Is it true that they can't be two tasks at one core at the same time, but only after one task finishes on a core then another task in the task set for the program can start on this core?
@CC I don't think so. I believe a task operates similarly to a thread in execution. Therefore tasks can context switch in the same core, i.e. task 1 runs for a bit, then task 2 runs for a bit, then task 1, and so forth.
@lol In my view, a task and a thread also have significant difference. Specifically, two threads on a core will take turns to run but two tasks don't have to. Especially, if there are 100 tasks for a single core machine. They won't take turn to run, i.e. some tasks will start after others end. Conversely, 100 threads on a single will still be very likely to take turn to run, and this makes the context switching very expensive.
I want to verify whether my understanding is correct or not. So assume the user wants to create 100 tasks. The ISPC implementation is responsible for creating an appropriate number of threads, say 10 threads, to run those tasks. Once it creates P1...P10, and say let T1...T10 run on them, the OS manages the threads' life cycle and determines which to run. Say T1 finishes on P1, then ISPC chooses the next task T11 to run on P1 until T100 finishes.
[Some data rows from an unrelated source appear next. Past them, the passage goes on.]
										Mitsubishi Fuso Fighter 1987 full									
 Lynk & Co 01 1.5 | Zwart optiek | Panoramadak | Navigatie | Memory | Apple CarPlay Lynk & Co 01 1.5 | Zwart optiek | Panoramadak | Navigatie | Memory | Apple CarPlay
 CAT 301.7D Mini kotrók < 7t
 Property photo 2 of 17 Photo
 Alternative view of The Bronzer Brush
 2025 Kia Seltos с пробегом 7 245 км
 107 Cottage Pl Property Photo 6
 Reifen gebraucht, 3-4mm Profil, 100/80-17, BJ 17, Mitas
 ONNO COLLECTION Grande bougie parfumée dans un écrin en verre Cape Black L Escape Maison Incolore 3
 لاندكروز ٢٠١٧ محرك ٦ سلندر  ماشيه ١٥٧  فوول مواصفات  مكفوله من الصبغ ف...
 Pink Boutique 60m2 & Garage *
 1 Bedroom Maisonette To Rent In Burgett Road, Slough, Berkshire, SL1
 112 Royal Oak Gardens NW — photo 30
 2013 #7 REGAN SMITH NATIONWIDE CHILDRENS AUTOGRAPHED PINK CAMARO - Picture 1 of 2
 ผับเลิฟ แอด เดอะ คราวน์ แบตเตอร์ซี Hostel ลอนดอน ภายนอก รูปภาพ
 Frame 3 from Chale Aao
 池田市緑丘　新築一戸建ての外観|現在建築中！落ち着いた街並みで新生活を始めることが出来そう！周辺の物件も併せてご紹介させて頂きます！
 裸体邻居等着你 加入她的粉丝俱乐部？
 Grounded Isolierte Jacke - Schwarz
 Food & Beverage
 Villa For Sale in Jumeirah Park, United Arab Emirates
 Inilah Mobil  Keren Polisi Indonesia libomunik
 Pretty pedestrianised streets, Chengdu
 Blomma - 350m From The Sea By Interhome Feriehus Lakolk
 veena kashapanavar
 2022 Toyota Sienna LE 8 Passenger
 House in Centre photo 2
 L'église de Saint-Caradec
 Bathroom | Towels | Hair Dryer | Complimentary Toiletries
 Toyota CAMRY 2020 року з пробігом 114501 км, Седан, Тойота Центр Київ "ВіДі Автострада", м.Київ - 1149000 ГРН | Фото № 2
Is that correct?
@pavelkang I think of tasks like this: tasks are to pthreads as foreach is to program instances. Your example makes sense. Tasks are just a units of work that can be done in parallel to each other, so having the OS schedule tasks to pthreads would seem like the implementation of the abstraction (tasks).
I have read the code of ISPC task which is in the 'common' folder in the assignment handout. It is essentially a cross-platform multithreading library, and it uses pthread if compiled on Linux.
@365sleeping, I am still confused about this point. You say "two tasks don't have to take turns to run". To me, tasks are carried out by worker threads. If two threads carrying different tasks are scheduled on the same core (so they can run in a interleaved way), does this mean that tasks can run concurrently on the same core?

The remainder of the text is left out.